Als offensiver Part von zwei Sechsern hätte Calhanoglu das Spiel mehr vor sich und könnte dem Bayer-Spiel so noch mehr Struktur und Kreativität verleihen. Für den Türken müssten dann entweder Kapitän Lars Bender oder Christoph Kramer weichen – zwei Spieler, die ihre Stärken eher in der Balleroberung als im Kreieren von gefährlichen Offensivaktionen haben.
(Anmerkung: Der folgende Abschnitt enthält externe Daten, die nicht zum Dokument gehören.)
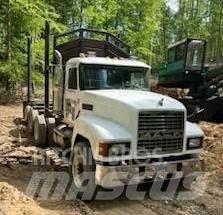 Mack CH613 木材运输车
Dass Calhanoglu selbst einmal auf der Bank sitzen wird, ist aufgrund der Dreifachbelastung zwar nicht auszuschließen, im Normalfall aber eher unwahrscheinlich. Nicht zuletzt seine gefürchteten Freistöße stellen eine Waffe dar, auf die Roger Schmidt wohl nur ungern verzichten wird. Zur Not könnte Calhanoglu auch eine der beiden Außenbahnpositionen besetzten.
Nutznießer Brandt?
Doch auch hier ist das Gedränge groß – insbesondere nach der Rückkehr von Kevin Kampl unters Bayer-Kreuz. Der Transfer des 24-Jährigen ging durch die Chicharito-Verpflichtung fast ein wenig unter, ist aber nicht weniger bedeutend für die Leverkusener Offensiv-Planspiele.
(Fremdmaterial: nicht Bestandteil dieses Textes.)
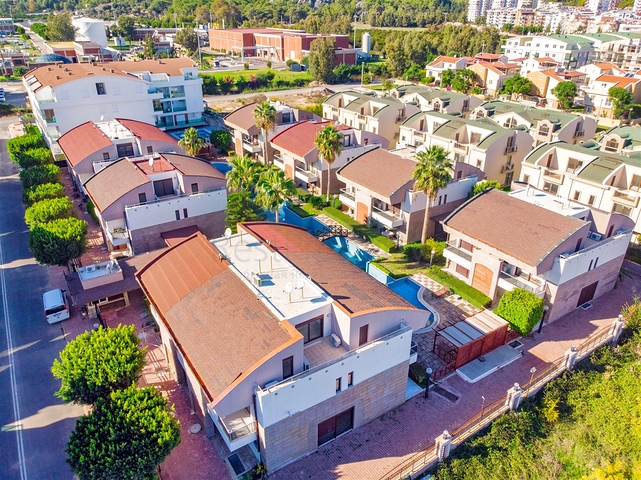 5+2 villa in Sarysu - Antalya neighborhood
Nach dem überraschenden, für Bayer aber höchst lukrativen Abgang von Heung-Min Son, stellt sich die Frage, wer in Zukunft die linke Außenbahn als sein Revier bezeichnen darf. Kampl, der Roger Schmidt aus gemeinsamen Salzburger Zeiten bestens kennt, besitzt zweifelsohne gute Anlagen, konnte diese in seinem halben Jahr beim BVB aber kaum gewinnbringend einsetzen. Ob sich das in Leverkusen ändert, wird sich erst zeigen müssen.
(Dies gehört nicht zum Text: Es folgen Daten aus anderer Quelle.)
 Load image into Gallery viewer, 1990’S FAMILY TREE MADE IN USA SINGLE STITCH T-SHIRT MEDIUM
Das wiederum könnte die Chance für Youngster Julian Brandt sein, sich endlich als Stammkraft zu beweisen. Bayers Edeljoker besitzt großes Potenzial, seine Leistungen waren – angesichts seines jungen Alters kaum verwunderlich – bislang aber noch zu inkonstant. Darüber hinaus darf Admir Mehmedi, der auch als einer von zwei Stürmern auflaufen kann, nicht vergessen werden.
Fazit: Eine klare Bayer-Stammelf wird es wohl nicht geben, dafür eröffnet der diesjährige Leverkusener Königstransfer zu viele Variationsmöglichkeiten im Offensivbereich. Klar ist: Akklimatisiert sich Chicharito schnell und ruft er sein enormes Potenzial ab, dürfte er in Bayers Offensivreihe eine zentrale Rolle einnehmen. Das wiederum hätte insbesondere für Stefan Kießling Konsequenzen.
Bayers Kämpferherz wird wohl häufiger als zuletzt auf der Bank Platz nehmen müssen, was angesichts der Dreifachbelastung und seines fortgeschrittenen Alters aber kein Nachteil sein muss. Zudem dürfte Hakan Calhanoglu häufiger auf einer der beiden zentralen Mittelfeldpositionen zum Einsatz kommen.
Das würde zum Einen das Duo Bender-Kramer entlasten und zum anderen einen Zuwachs an Kreativität in der Zentrale bedeuten, was gerade gegen tiefstehende Gegner von großem Vorteil sein kann. Während Karim Bellarabi auf der rechten Seite gesetzt ist, zeichnet sich auf der linken Seite ein interessanter Dreikampf zwischen Julian Brandt, Kevin Kampl und Admir Mehmedi ab. Das alles zeigt: Bayers Offensive ist so variabel und wenig ausrechenbar wie nie zuvor.